A diferencia de sus hermanas, Posy no recordaba otra casa.
Pasó delante de la iglesia parroquial y saludó con la mano a Celia Monroe, que salía de una cita con el doctor.
En un impulso, frenó de golpe delante de la pequeña biblioteca y tomó el bolso, que estaba en el asiento de atrás.
Había una tarea que llevaba semanas posponiendo.
—Me van a reñir como a una niña de seis años —confesó. Y Bonnie, comprensiva, movió la cola.

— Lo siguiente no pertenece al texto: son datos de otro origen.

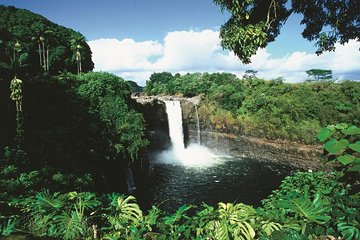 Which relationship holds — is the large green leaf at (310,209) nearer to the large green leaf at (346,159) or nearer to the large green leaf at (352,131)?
the large green leaf at (346,159)

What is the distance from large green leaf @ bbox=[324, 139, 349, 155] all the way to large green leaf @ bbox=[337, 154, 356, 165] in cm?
8

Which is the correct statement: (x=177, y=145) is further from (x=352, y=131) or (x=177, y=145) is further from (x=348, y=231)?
(x=348, y=231)

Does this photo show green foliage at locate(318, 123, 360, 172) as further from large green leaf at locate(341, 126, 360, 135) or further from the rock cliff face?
the rock cliff face

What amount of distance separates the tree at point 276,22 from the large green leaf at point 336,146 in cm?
309

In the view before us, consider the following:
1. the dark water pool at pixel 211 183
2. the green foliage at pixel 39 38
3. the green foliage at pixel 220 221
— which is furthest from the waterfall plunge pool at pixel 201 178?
the green foliage at pixel 39 38

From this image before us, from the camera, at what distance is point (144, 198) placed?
1747 cm

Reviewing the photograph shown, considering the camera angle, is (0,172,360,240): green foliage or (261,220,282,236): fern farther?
(261,220,282,236): fern

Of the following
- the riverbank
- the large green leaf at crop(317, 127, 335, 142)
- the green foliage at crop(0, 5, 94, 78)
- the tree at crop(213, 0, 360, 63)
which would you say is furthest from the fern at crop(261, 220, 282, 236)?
the green foliage at crop(0, 5, 94, 78)

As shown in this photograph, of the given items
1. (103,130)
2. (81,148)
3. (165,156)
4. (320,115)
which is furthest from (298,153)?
(81,148)

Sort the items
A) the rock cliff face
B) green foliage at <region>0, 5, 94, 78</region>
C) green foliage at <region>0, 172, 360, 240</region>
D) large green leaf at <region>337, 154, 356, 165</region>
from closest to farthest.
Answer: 1. green foliage at <region>0, 172, 360, 240</region>
2. large green leaf at <region>337, 154, 356, 165</region>
3. the rock cliff face
4. green foliage at <region>0, 5, 94, 78</region>

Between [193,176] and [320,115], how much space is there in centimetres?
1450

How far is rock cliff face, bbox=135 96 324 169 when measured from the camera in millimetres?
24359

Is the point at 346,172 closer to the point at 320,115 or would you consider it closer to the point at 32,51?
the point at 320,115

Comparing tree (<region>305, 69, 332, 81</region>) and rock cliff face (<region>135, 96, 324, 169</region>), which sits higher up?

Posy entró en la biblioteca. Esta había estado muchas veces amenazada de cierre, pero la gente del lugar la había defendido con la misma fiereza con la que un clan defendería sus tierras.
La mujer que estaba detrás del mostrador chasqueó la lengua con desaprobación.
—No sé cómo tienes valor para venir aquí, Posy McBride. Te has retrasado más de un mes en la devolución de los libros.
Posy se inclinó por encima del mostrador y le dio un beso.
—Estaba atrapada en la montaña salvando vidas, señora Dannon.
—¡Ah! No digas tonterías. Hacías lo mismo con los deberes.